In the case where the impact modifier comprises a conjugated diene rubber copolymer, the rubber is preferably polybutadiene which is present in an amount of about 50 to about 90, preferably 70 to 80 parts. by weight, based on the weight of the impact modifier, and the monomer (s) ethylenically unsaturated grafted to the rubber: polybutadiene typically present in an amount of about 10 to about 50, preferably 15 to 40 parts by weight, based on the weight of the impact modifier. Typically, the ethylenically unsaturated monomer to be grafted to the conjugated diene gum will be a C1-C alkyl acrylate such as methyl acrylate, ethyl acrylate, propyl acrylate or butyl acrylate; a C 1 -C 4 alkyl methacrylate such as methyl methacrylate, ethyl methacrylate, propyl methacrylate or butyl methacrylate; a styrene such as styrene or alpha-methylstyrene; a vinyl ether; a vinyl halide such as vinyl chloride; an ethyl such acrylonitrile or methacrylonitrile; an olefin or 'their mixtures. Preferably the ethylenically unsaturated monomer (s) to be grafted to the conjugated diene rubber comprises a mixture of methyl methacrylate and styrene monomer, with a proportion of methyl methacrylate: styrene being in the range of about 2: 1 to about 5: 1, preferably 2.5: 1 to 4.5: 1.

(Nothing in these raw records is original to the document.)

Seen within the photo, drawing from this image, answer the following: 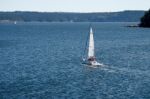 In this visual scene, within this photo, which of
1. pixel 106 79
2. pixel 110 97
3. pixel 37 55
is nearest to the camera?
pixel 110 97

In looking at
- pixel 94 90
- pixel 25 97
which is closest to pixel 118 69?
pixel 94 90

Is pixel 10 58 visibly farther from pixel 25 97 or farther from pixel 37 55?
pixel 25 97

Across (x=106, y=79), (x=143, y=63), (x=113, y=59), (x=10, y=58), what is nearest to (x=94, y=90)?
(x=106, y=79)

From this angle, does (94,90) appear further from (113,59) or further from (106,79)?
(113,59)

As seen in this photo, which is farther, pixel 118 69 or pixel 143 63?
pixel 143 63

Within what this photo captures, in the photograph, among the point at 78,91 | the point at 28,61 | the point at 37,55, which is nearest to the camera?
the point at 78,91

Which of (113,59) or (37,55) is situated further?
(37,55)

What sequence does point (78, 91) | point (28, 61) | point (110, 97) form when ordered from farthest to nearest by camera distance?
1. point (28, 61)
2. point (78, 91)
3. point (110, 97)

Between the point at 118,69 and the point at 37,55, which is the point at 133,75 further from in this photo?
the point at 37,55

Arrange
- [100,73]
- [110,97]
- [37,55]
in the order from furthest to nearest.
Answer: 1. [37,55]
2. [100,73]
3. [110,97] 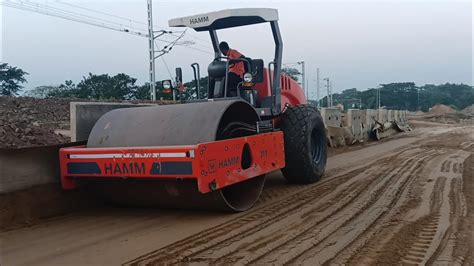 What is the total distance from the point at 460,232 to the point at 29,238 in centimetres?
400

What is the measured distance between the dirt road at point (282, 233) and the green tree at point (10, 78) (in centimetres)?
3014

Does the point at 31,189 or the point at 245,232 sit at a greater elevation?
the point at 31,189

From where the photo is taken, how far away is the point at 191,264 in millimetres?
3568

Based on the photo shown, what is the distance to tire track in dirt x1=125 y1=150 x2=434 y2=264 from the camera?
12.3 feet

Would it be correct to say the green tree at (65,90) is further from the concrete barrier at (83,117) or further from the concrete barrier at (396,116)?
the concrete barrier at (83,117)


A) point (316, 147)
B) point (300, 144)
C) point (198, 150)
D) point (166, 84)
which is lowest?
point (316, 147)

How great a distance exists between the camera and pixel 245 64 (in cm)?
684

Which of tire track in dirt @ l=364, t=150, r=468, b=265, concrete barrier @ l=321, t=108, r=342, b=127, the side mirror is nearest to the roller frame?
tire track in dirt @ l=364, t=150, r=468, b=265

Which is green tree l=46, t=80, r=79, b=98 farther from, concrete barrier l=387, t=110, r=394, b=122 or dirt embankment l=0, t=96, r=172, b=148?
concrete barrier l=387, t=110, r=394, b=122

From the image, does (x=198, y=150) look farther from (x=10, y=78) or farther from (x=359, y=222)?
(x=10, y=78)

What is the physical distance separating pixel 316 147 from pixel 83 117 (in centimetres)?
377

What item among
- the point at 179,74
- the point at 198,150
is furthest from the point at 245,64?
the point at 198,150

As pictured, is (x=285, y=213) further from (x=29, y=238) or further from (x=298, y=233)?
(x=29, y=238)

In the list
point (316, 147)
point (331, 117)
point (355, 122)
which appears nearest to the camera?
point (316, 147) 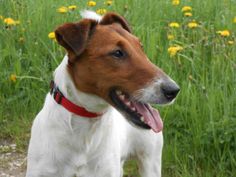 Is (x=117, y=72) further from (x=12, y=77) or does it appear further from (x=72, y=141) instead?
(x=12, y=77)

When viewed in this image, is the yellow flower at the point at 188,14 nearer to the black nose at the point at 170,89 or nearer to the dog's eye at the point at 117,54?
the dog's eye at the point at 117,54

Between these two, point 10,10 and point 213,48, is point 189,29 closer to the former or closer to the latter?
point 213,48

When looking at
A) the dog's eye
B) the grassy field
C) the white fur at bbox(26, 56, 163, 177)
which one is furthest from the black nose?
the grassy field

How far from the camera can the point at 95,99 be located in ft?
12.8

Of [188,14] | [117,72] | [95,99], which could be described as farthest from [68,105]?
[188,14]

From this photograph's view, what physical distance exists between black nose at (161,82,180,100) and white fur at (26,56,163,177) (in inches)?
17.2

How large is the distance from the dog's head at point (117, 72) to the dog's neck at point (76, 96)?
39 mm

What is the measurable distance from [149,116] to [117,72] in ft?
1.11

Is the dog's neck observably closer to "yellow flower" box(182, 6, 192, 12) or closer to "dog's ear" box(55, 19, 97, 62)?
"dog's ear" box(55, 19, 97, 62)

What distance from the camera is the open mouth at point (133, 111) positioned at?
377 centimetres

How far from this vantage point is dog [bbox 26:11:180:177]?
12.3 ft

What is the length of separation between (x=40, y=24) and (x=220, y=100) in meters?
2.21

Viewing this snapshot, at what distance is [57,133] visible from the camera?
3992 mm

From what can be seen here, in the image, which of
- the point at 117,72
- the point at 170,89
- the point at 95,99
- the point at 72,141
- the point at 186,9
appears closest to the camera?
the point at 170,89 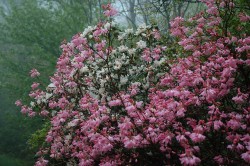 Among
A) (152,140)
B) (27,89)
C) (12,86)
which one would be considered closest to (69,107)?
(152,140)

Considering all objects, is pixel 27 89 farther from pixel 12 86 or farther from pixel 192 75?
pixel 192 75

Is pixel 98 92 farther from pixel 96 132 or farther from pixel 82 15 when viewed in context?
pixel 82 15

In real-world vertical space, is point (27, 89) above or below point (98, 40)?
above

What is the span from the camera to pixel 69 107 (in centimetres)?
636

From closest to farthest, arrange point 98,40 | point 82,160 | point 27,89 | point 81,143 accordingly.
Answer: point 82,160
point 81,143
point 98,40
point 27,89

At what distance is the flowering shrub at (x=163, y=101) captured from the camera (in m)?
3.81

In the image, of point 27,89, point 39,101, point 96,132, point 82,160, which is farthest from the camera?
point 27,89

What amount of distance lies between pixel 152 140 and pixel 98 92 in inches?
98.2

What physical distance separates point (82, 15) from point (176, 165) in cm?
1066

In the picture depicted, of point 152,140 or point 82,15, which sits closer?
point 152,140

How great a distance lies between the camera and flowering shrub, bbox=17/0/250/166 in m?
3.81

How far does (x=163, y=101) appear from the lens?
4.23 meters

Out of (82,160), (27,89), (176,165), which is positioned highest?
(27,89)

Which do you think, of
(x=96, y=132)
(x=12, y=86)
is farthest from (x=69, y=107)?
(x=12, y=86) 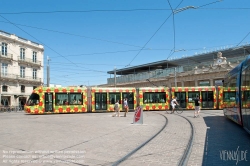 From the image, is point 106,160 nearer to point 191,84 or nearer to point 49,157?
point 49,157

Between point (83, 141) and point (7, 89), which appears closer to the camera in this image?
point (83, 141)

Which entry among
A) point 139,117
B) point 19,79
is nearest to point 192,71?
point 19,79

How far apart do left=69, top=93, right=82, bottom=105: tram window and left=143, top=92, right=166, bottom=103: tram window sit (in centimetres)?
730

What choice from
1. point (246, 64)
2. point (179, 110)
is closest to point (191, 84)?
point (179, 110)

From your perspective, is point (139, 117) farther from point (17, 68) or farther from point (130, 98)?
point (17, 68)

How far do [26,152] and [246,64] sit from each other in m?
8.78

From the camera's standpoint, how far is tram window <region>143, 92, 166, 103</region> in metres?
28.1

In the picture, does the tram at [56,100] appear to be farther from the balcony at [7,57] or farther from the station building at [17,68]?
the balcony at [7,57]

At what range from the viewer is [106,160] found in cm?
654

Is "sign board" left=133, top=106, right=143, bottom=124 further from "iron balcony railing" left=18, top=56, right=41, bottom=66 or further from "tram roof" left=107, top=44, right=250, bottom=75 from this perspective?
"tram roof" left=107, top=44, right=250, bottom=75

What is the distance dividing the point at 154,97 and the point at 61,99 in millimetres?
10373

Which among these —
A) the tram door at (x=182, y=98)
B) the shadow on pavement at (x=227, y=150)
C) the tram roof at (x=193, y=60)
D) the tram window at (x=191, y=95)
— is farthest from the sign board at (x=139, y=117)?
the tram roof at (x=193, y=60)

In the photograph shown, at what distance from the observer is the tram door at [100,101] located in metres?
26.3

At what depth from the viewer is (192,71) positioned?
5272 centimetres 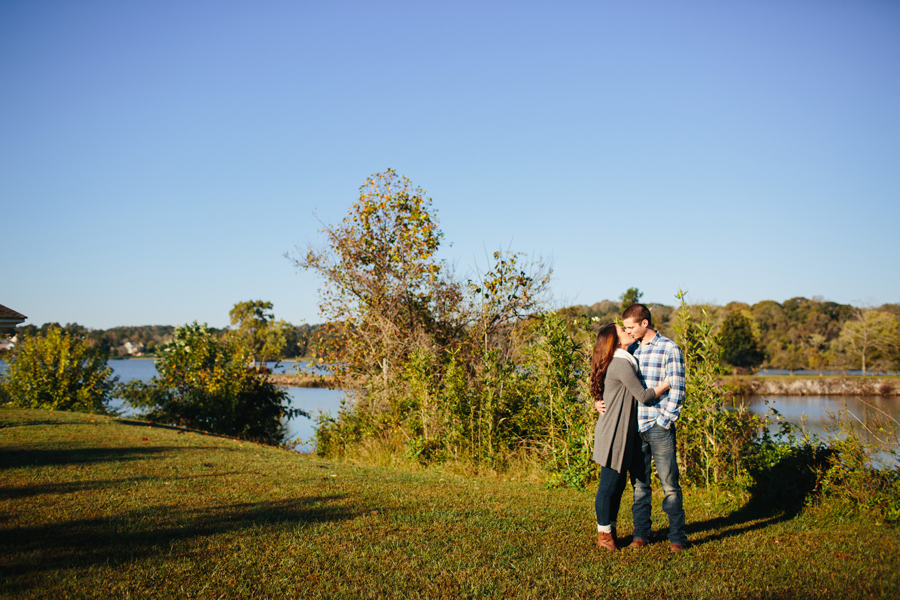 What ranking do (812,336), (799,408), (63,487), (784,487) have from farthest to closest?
(812,336) < (799,408) < (63,487) < (784,487)

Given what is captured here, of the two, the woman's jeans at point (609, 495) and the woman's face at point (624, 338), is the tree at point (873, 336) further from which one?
the woman's jeans at point (609, 495)

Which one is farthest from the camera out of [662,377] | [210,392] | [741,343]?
[741,343]

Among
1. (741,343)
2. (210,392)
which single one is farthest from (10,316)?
(741,343)

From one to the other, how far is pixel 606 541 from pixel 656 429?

In the case where the modifying impact comprises an acrylic copolymer having a core / shell structure, it is preferred that the core / shell structure comprises a core of interlaced poly (alkylmethacrylate) or an entangled diene rubber and a shell of an copolymer of an alkyl acrylate (for example, methylacrylate) and styrene.

It is further preferred that the poly (alkyl methacrylate) comprises poly (methyl methacrylate), the diene rubber comprises polybutadiene rubber and an alkyl acrylate comprises butyl acrylate. It is especially preferred that there is an additional outer shell of poly (methyl methacrylate) in addition to the shell of the alkyl acrylate / styrene copolymer.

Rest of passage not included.